- Mam wątpliwości, czy władze Warszawy, które są odpowiedzialne za bezpieczeństwo wychowanków, dobrze wypełniały swoje obowiązki – mówi „Super Expressowi” Rzecznik Praw Dziecka Mikołaj Pawlak. - Nie ma i nigdy nie będzie mojej zgody na przemoc wobec dzieci. Każdy, kto stosuje wobec nich siłę, bije je czy zastrasza, staje się moim wrogiem. I zrobię wszystko, by taka osoba już nigdy nie pracowała z dziećmi – grzmi rzecznik.

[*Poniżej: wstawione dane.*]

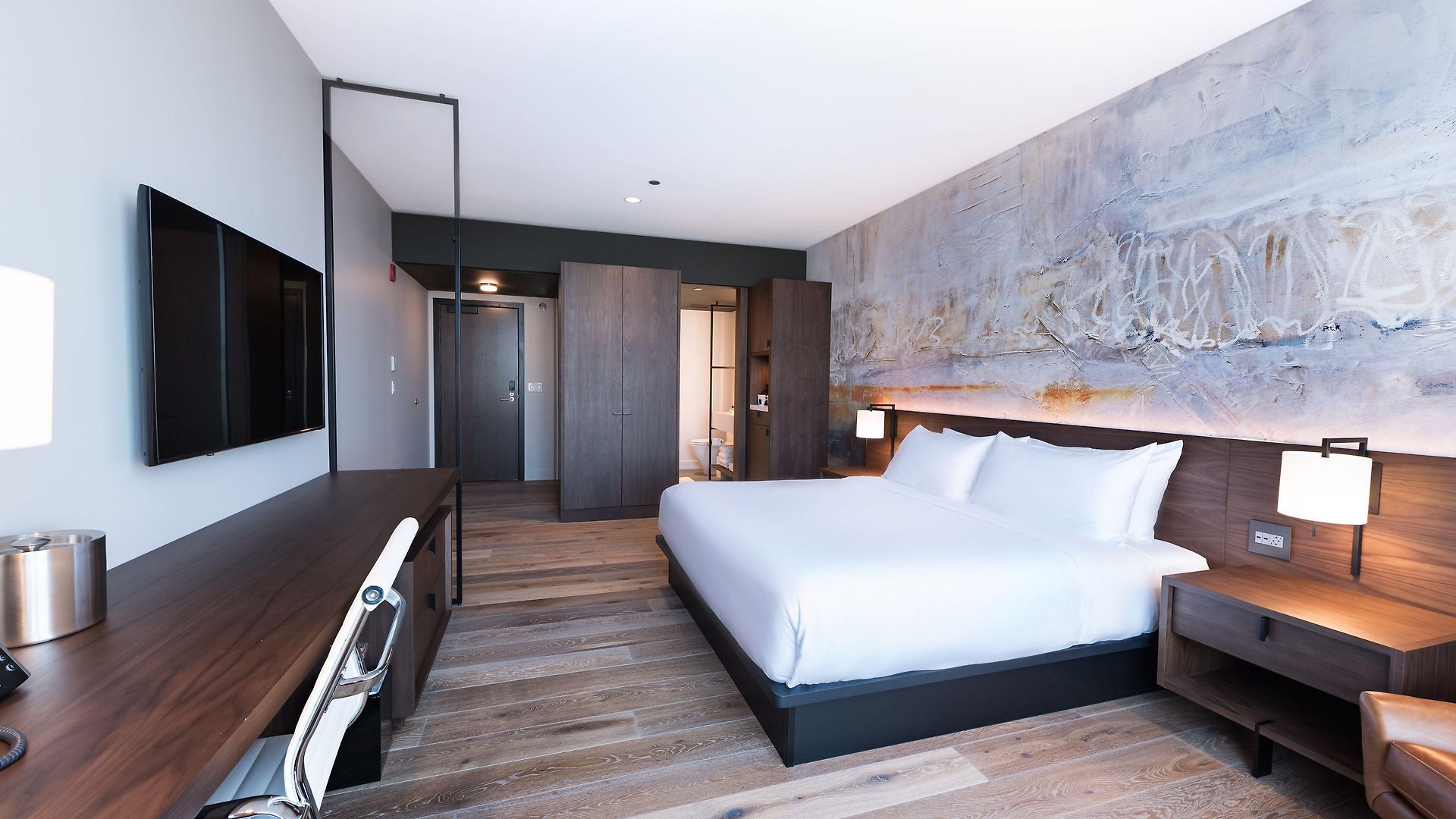 Resort The & Athletic Club At Midtown Chicago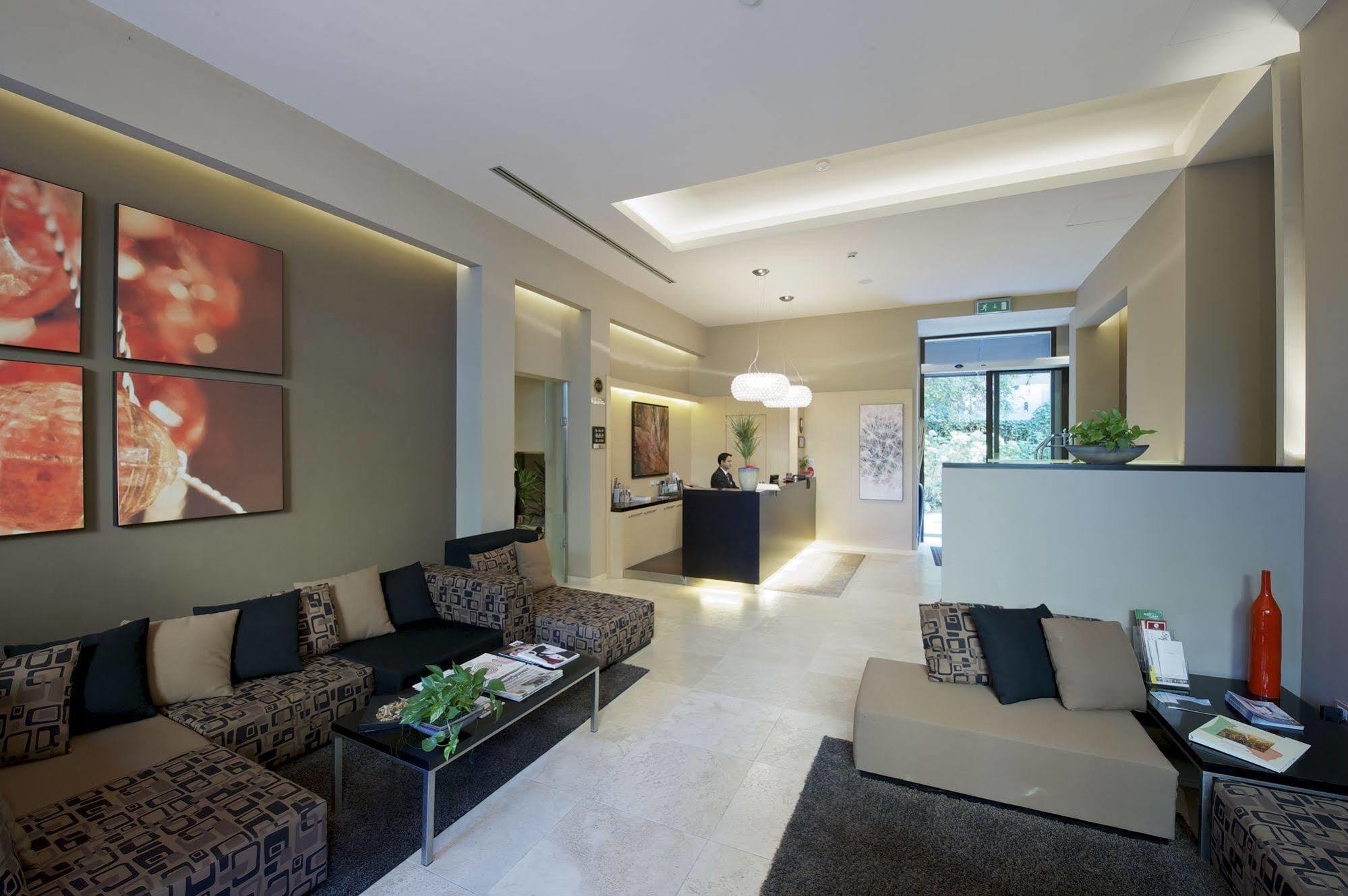 Unahotels Villa Dei Platani Foligno Eksteriør billede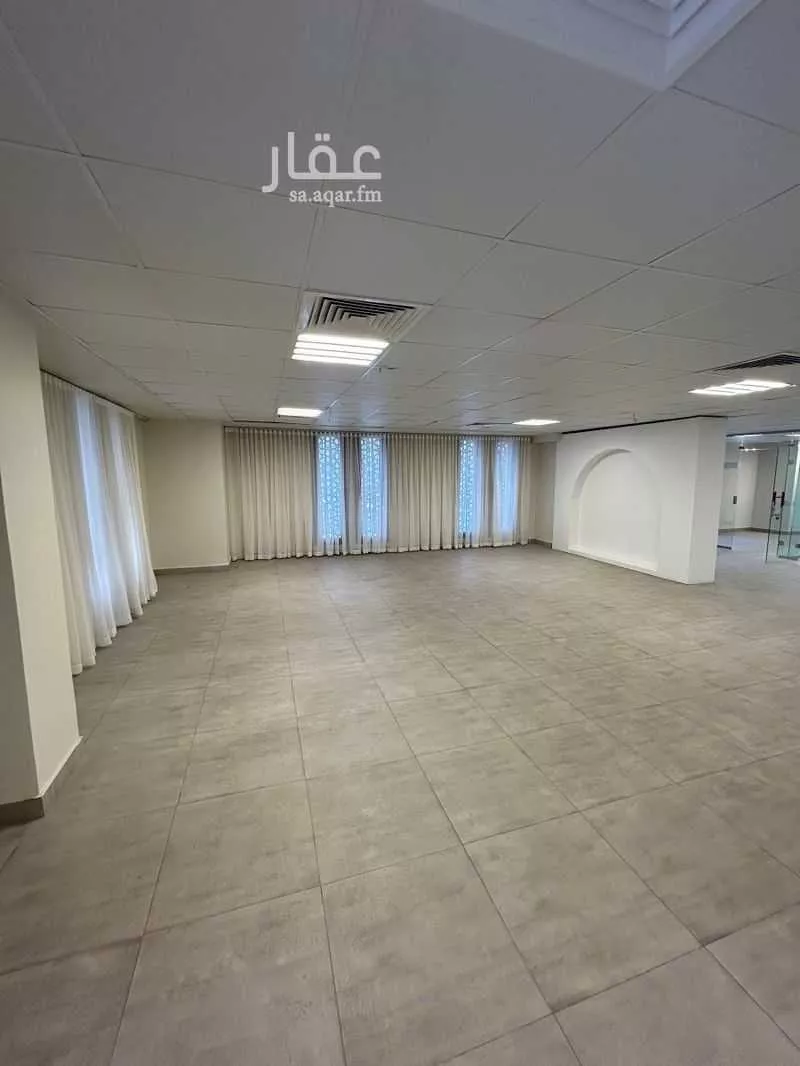 مكتب 2500 م² في الرويس 4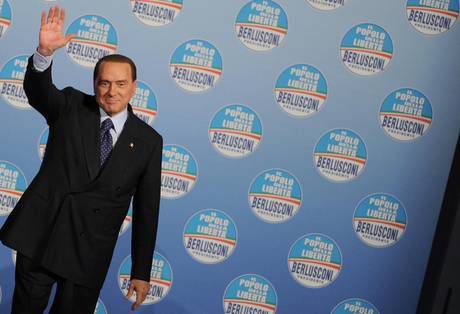Berlusconi: "Il Pd ha distrutto Mps, figurarsi l'Italia"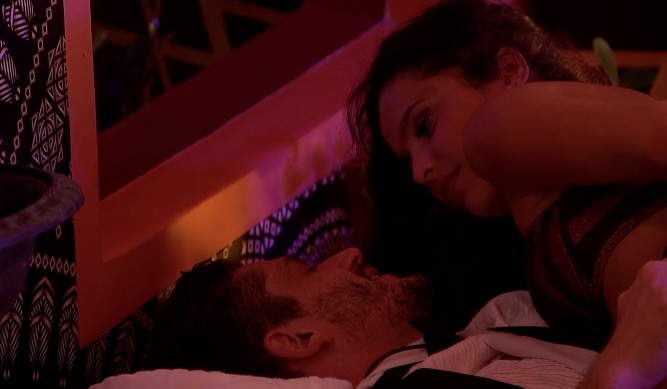 BBB17: Com muitos gemidos, Emilly e Marcos transam após festa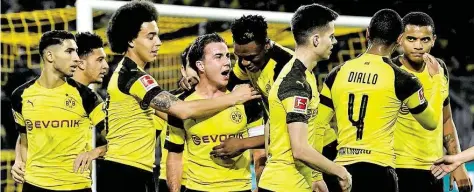  ?? AP-BILD: MEISSNER ?? Schwarz-gelber Jubel: Mario Götze (Mitte) wird nach seinem Tor zum 3:1 von seinen Mitspieler­n gefeiert.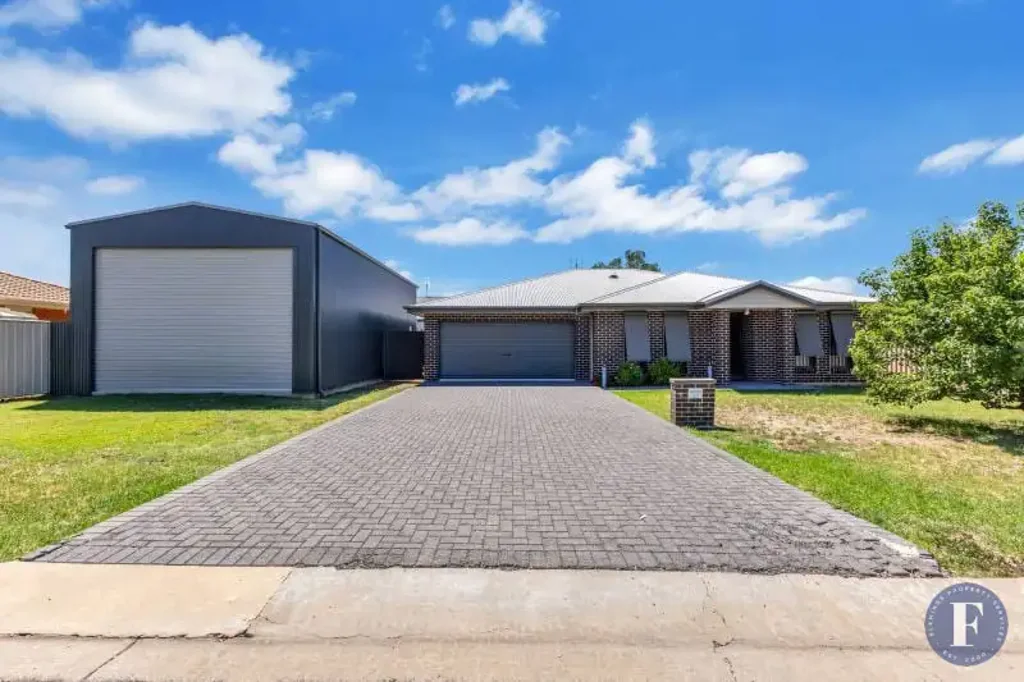 27 Kent Street, Forbes, NSW 2871
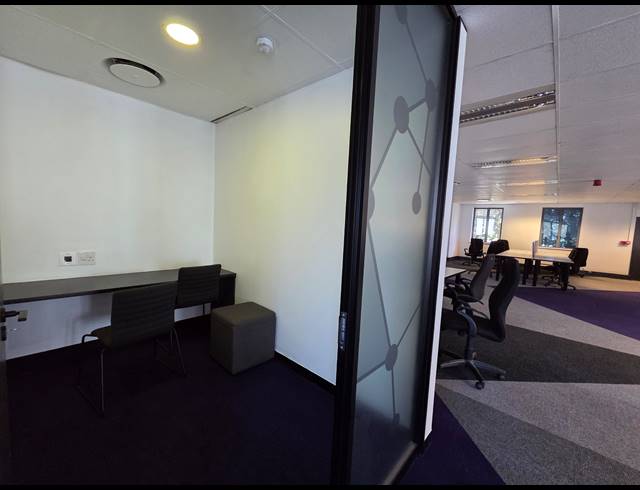 344M² OFFICE TO LET IN SANDOWN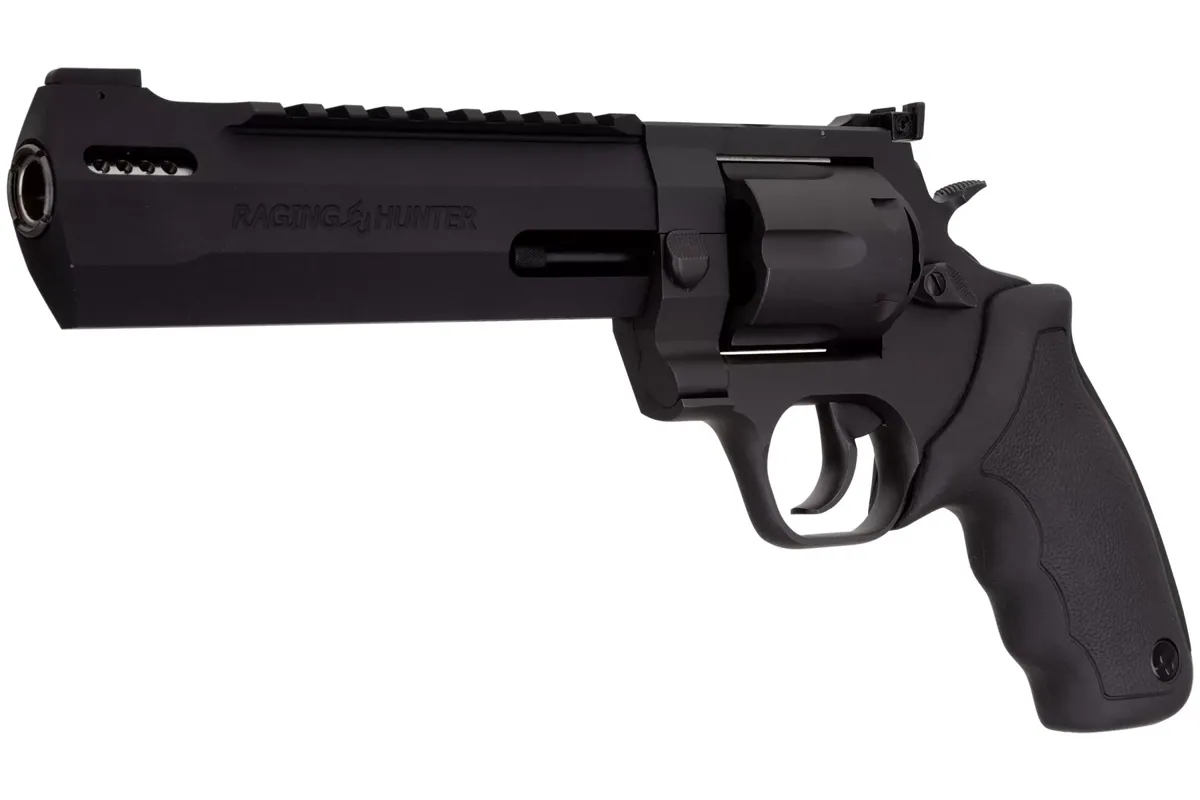 Taurus Raging Hunter .44 Mag 6.75" Matte Black Oxide, 6-Shot — right quarter view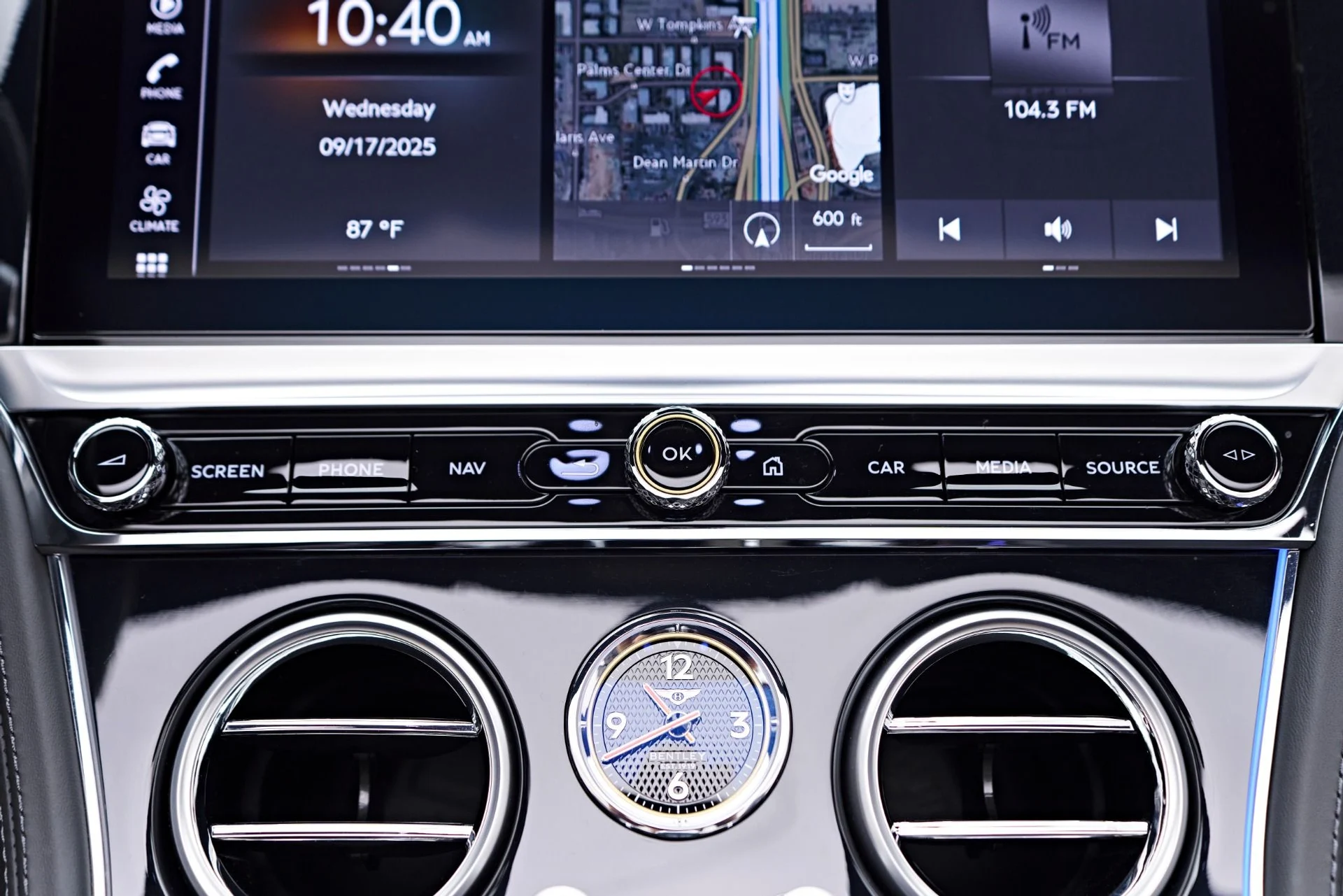 mph075_2473008294_Used_2024_Bentley_Continental_GT_Speed_1758316131_47b68e9b58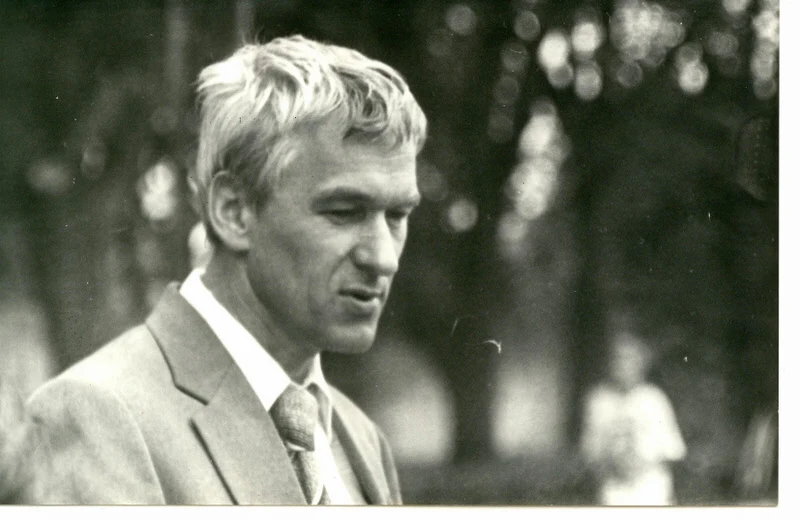 Kornel Morawiecki na Powązkach - 1 sierpnia 1990 r.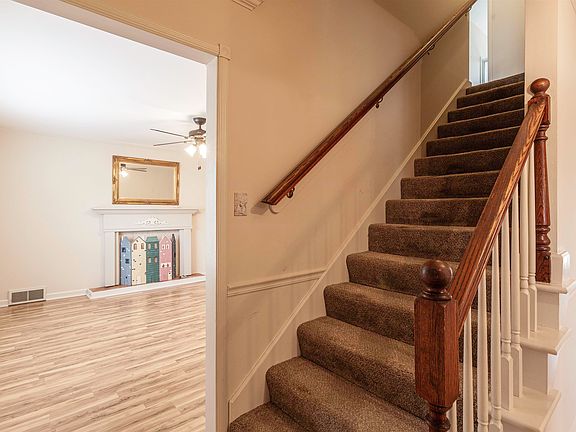 4th image of 6939 Bent Creek Dr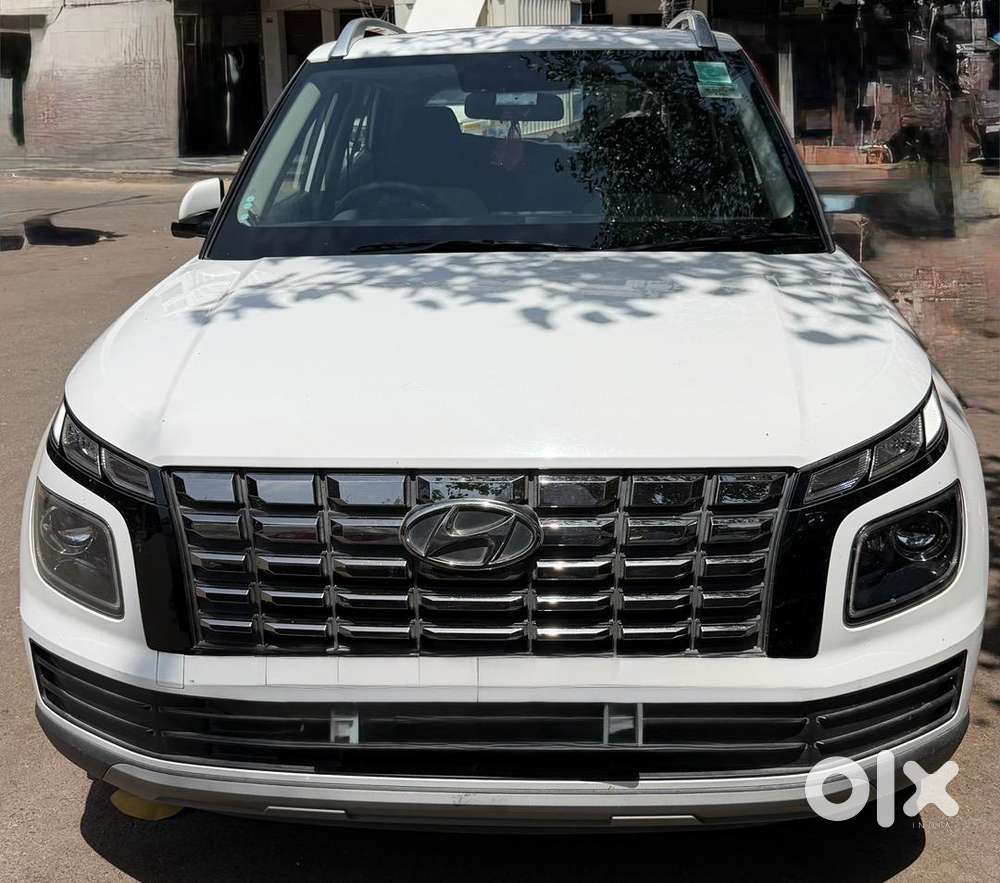 Hyundai Venue 2023 Diesel Well Maintained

W środę przedstawiliśmy wstrząsające relacje podopiecznych praskiego ośrodka, do których dotarł reporter Radia Eska, oraz wychowawców, którzy mówili o biciu nastolatków kijem po kostkach, pałką teleskopową po plecach czy przysiadach, które wychowankowie musieli robić nago za karę. Ich zdaniem dyrektor o tym wiedział, ale „kazał milczeć”.
Jak się okazuje, placówka była ostatnio często kontrolowana. Kuratorium oświaty wysyłało tam kontrolę w ubiegłym roku dwukrotnie. tam Po ostatniej – w grudniu 2018 – wszczęto postępowanie wobec trzech wychowawców i dyrektora placówki. Zgodnie z Kartą Nauczyciela, ratusz powinien w tej sytuacji natychmiast zawiesić dyrektora MOS, ale ten pracował jeszcze do ubiegłego tygodnia. Teraz jest na zwolnieniu. - Dlaczego dyrektor, który z mocy prawa powinien zostać zawieszony, wciąż tam pracuje i ma kontakt z dziećmi? Dlaczego prezydent Warszawy nie stosuje prawa? To trzeba wyjaśnić, dlatego zawiadomiłem prokuraturę – mówi Mikołaj Pawlak.
- Dyrektor zostanie zawieszony w pełnieniu obowiązków. A w ośrodku będzie kontrola – zapewnia wiceprezydent Renata Kaznowska. Dyrektor Biura Edukacji Joanna Gospodarczyk nie potrafiła jednak konkretnie odpowiedzieć na pytanie dlaczego dyrektor dotąd pracuje. - Toczy się postępowanie dyscyplinarne. Jesteśmy po wymianie pism z rzecznikiem dyscyplinarnym – stwierdziła tylko Joanna Gospodarczyk.